Setting up a taskforce needs to be accompanied by a determination to dramatically lift the pace at which authorities transfer proposed improvements to the transport network that have sat on plans for years into action on the ground. “We need to see the bull dozers working.”
The root cause of recent airport gridlock can be traced back to the long-term failure of authorities to address the lack of capacity of the Puhinui Rd access from the west (SH20B). “Going back years, Puhinui gridlocks most working days and the congestion is now spreading back into the airport, affecting the whole of the airport’s roading network.”
For years, the business community has urged authorities to activate long-standing proposals sitting in Auckland Transport plans to improve access to the airport, including that:
- NZTA address the capacity constraints on SH20B (Puhinui Rd);
- Auckland Transport and central government activate a mass transit solution –rapid bus and or rail from the airport to Otahuhu-Manukau and the main commuter rail network; and,
- Both NZTA and Auckland Transport improve the overall network serving the airport and nearby area.
“An obvious project needing a fast uptake is to join the southern and western accessroutes (SH20A and SH20B) to create an airport by-pass to serve business and residential areas adjacent to the airport.”
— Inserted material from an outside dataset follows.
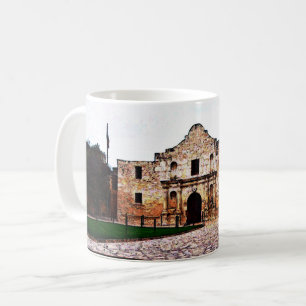 Alamo-kaffe Mugg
Without this dramatic increase in pace, including a faster consenting process, Auckland is on notice to experience worse congestion in the next few years, given:
- Auckland Airport’s passenger throughput is projected to increase from its current 17 million passengers a year to 45 million by 2040; and
- When the SH20 Waterview tunnels open next year, traffic volumes on the western ring route going past the airport are projected to increase by 30,000 vehicles a day.
“This, surely, sends the clearest possible message to transport infrastructure decision-makers and funders on the need to dramatically lift their game, with dire consequences if they don’t,” warned Mr Barnett.